I don’t know how it happened. But I’ve managed to keep a blog (off and on) for a year. Hurray and fireworks, yay!=)
It is a strange one, though. It is a posterous blog, first of all, so it is as unexpected as my own writing. There is no specific line it follows, there are no limits to what might one day appear here (ELT-related, still). Within this year it has not said much, but it has a lot hidden in the basement waiting for me to breathe life into. Ideas and notes need my discipline and time. Inspiration I’ve got plenty!
Let’s unwrap the present. It is a beautiful one and I hope you’re going to like it just as much as I did! The present is a guest post by Rose Bard (@rosemerebard), a wonderful person, a teacher I met thanks to iTDi. One of those exceptional honest thinking people you can be lucky to have conversations with. I’ve been lucky.
About a month ago I added Anna on Twitter and posted one of my first blog comments online on her blog. As a teacher that has lived connected online for so many years, but mainly lurking it has been really an awesome experience to actually start exchanging ideas and sharing my own teaching context. I have been teaching for about 14 years now, and since I moved back to Brazil from London and Egypt. My two homes for 5 years. I have finally settled down in the South of Brazil, but originally I am Carioca (Rio de Janeiro). I love learning most of all. Because of that, I try to inspire my students of all ages instead of just teaching them. From my first year of experience to now, from Rio to Santa Catarina, two different cultural contexts I have learned a great deal of things about learning and teaching and one of those is the power of connecting with one another. That does not mean being in the same place or doing things together, either online or offline. What does mean is to take the time to engage with people and learn from and with them.

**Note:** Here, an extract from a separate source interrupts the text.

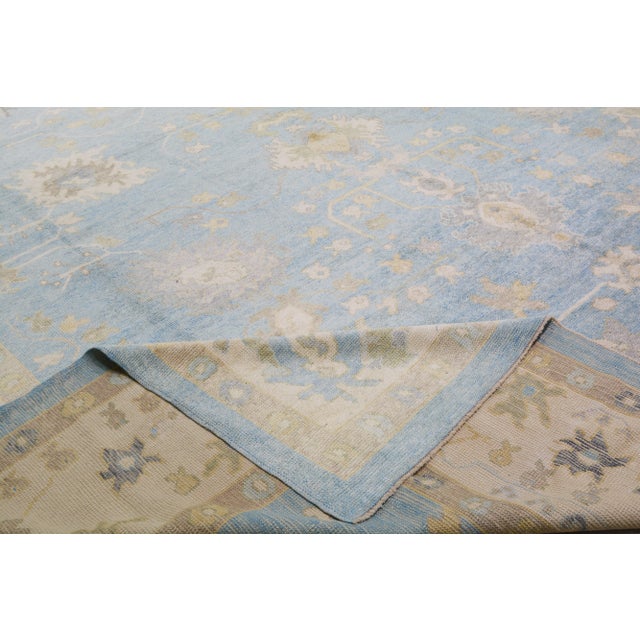 Early 21st Century Turkish Angora Oushak Hand Knotted Rug With Organic Wool and Soft Texture,13'3"X17'4" For Sale In New York - Image 6 of 7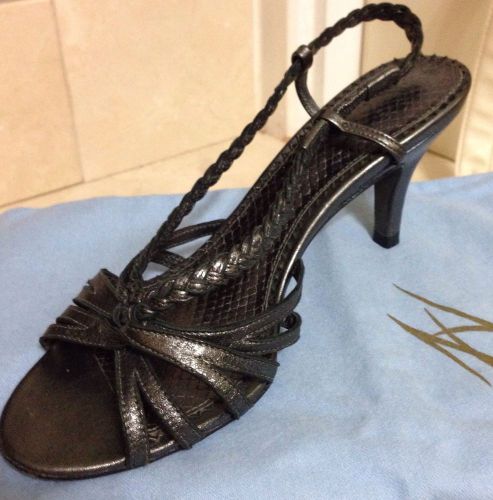 J vincent gray silver metallic 6 m leather braid heels strappy sandal shoes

One educator that has shaped me to believe in that was Paulo Freire. His ideas just sounded so right that I had to take them into the classroom. One of the things he wrote that changed my mind about my role as a teacher, even though I am a language teacher and soon to receive the title of a specialist in Early Childhood Education, is that education is not just about pedagogy but also politics, therefore language is not neutral. All that we say or do implies something and has the power to shape things around us. To liberate means to give voice, to learn to listen and to take co-responsability for the present and future. As the years pass by and the more I learn about education and I try to understand it, the more engaged I get into it and the more I believe as an educator that connecting to PEOPLE in the deepest level is the most important thing to do. Why?
“The more radical the person is, the more fully he or she enters into reality so that, knowing it better, he or she can transform it. This individual is not afraid to confront, to listen, to see the world unveiled. This person is not afraid to meet the people or to enter into a dialogue with them. This person does not consider himself or herself the proprietor of history or of all people, or the liberator of the oppressed; but he or she does commit himself or herself, within history, to fight at their side.”
― Paulo Freire, Pedagogy of the Oppressed
So, I thank Anna for taking the time to enter in dialogues with me, to listen, to share her ideas and challenges and to all TEACHERS who have done the same, encoraging me to connect online. I sincerely hope to meet personally each one of you one day.
Keep blogging Anna.
Your Teacher-Pal from Brazil!
Thank you, Rose! I am learning every day from people like you. Will keep blogging..off and on, in my style =)
P.S. Special thanks to Adam Simpson whose challenge a year ago nudged me to create this blog (see my first post).
P.P.S. Thanks to the people who actually FOLLOW my blog (and comment here, too)! As I’ve found out, there are such people. Much appreciated!!